Nothing that was released appears to fundamentally alter how the average user interacts with Google products, with the exception of Search (more on that later). Of fact, that has never been Google’s strategy, which has been to add little conveniences to already-existing goods, or even just parts of them, as new technology becomes available.
Smart Compose in Docs and Gmail doesn’t quite create the email for you, but the auto-complete ideas are actually helpful. Smart Reply is available in Gmail, Google Chat, and Messages.
On Pixel, there are features like Call Screen, Hold for Me, Direct My Call, and Clear Calling that leverage AI to enhance the original main use cases of a phone, and on-device speech recognition enables a great Recorder and a quicker Assistant. Naturally, computational photography and Magic Eraser are also options.
That’s not to say Google hasn’t used AI to develop wholly original applications and services. Natural language understanding developments led to Google Assistant, whereas computer vision developments that enabled search and categorization in Google Photos took place over seven years ago and are now taken for granted.
More recently, Google Maps’ Live View feature offers augmented reality (AR) instructions, while Google Lens allows for visual search by snapping an image and adding questions to it.

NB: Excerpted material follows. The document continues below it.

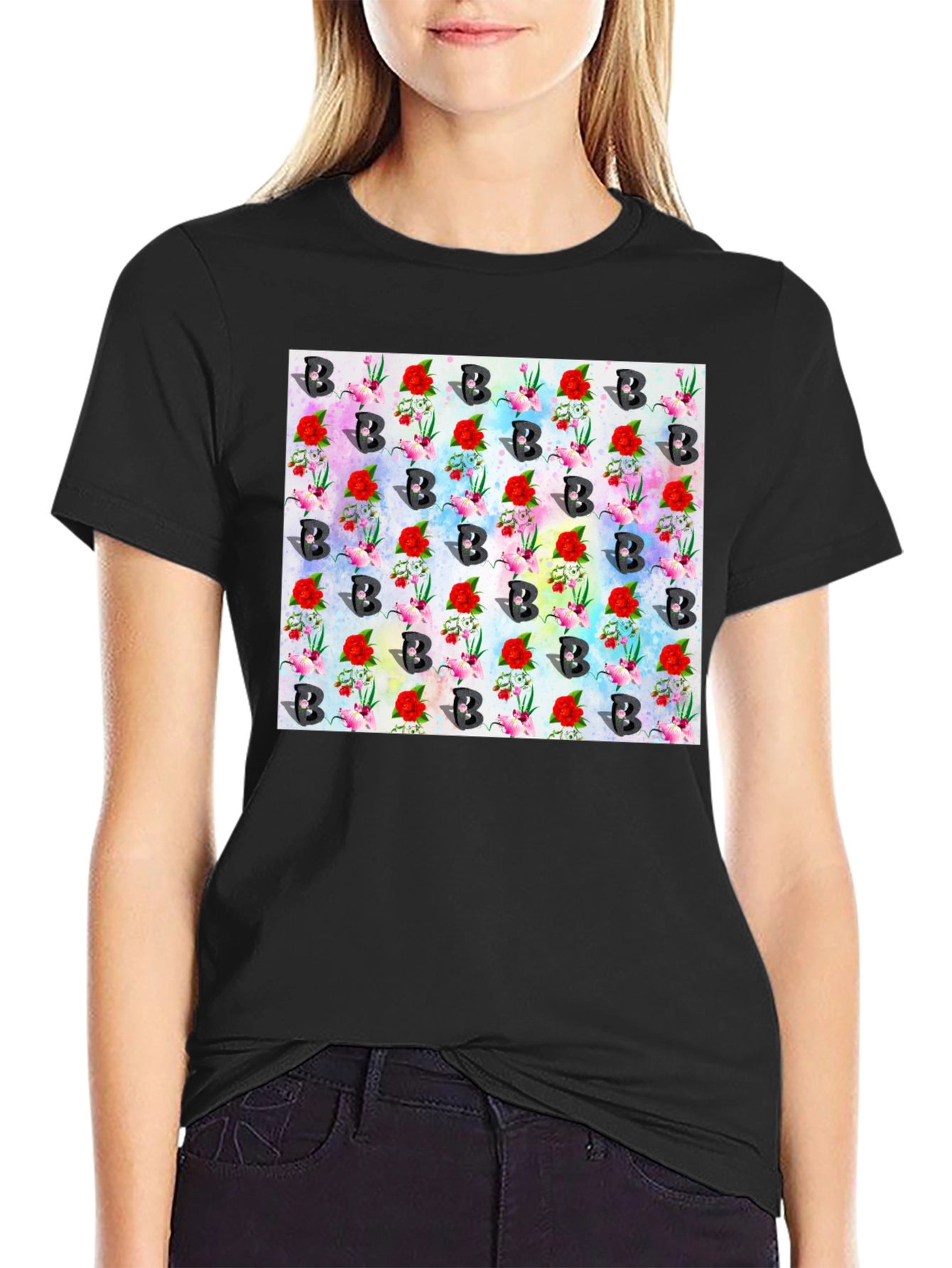 Floral B Pattern Black T-Shirt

There is also the Search and AI
Post-Chat GPT, where people are imagining a search engine where your questions are directly answered by a sentence that was entirely generated for you/that query, as opposed to getting links or being shown a “Featured Snippet” that quotes a relevant website that might have the answer.

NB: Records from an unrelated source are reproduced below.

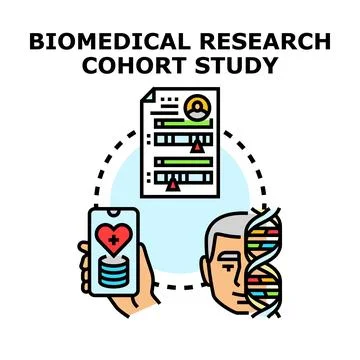 Biomedical research cohort study analyzing health data Stock Illustration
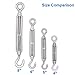 M6 Turn Buckle Tension Hook and Eye Hook & Eye Turnbuckle 304 Stainless Steel Hardware Kit for Wire Rope Tension Heavy Duty UV Resistant for Sun Shade sail Installation Waterproof Anti Rust Pack of 5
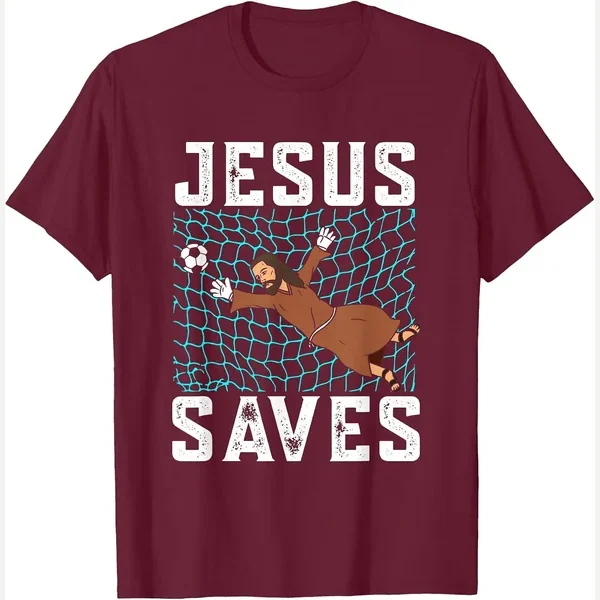 Jesus Saves I Christian Faith I print by Funny Jesus Goal Defender Soccer Motif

If you can find the answer by reading just one line in a Knowledge Panel—whether it’s a date, time, or other straightforward fact—you won’t always (or even often) want to read a full phrase to do so.
It will take some time before people start to believe any company’s chatbot search’s generating and summarising powers. I can at least quickly determine whether I trust the magazine or source by looking at featured snippets.
With Google Assistant currently turning to facts (dates, locations, etc.) that it already knows (Knowledge Panels/Graph) and Feature Snippets otherwise, that direct sentence is in many ways what intelligent assistants have been waiting for. It’s logical to assume that when you interact with voice technology, you can’t always look at a screen and that you expect a quick response.
It doesn’t feel like the technology is there yet, even though the history of technology is full of iterative updates that were quickly supplanted by brand-new, game-changing inventions. I recall how early voice assistants made a conscious effort to mimic human speech in a machine. How long will the novelty remain when this new wave of AI comes close to answering your questions or doing a task for you?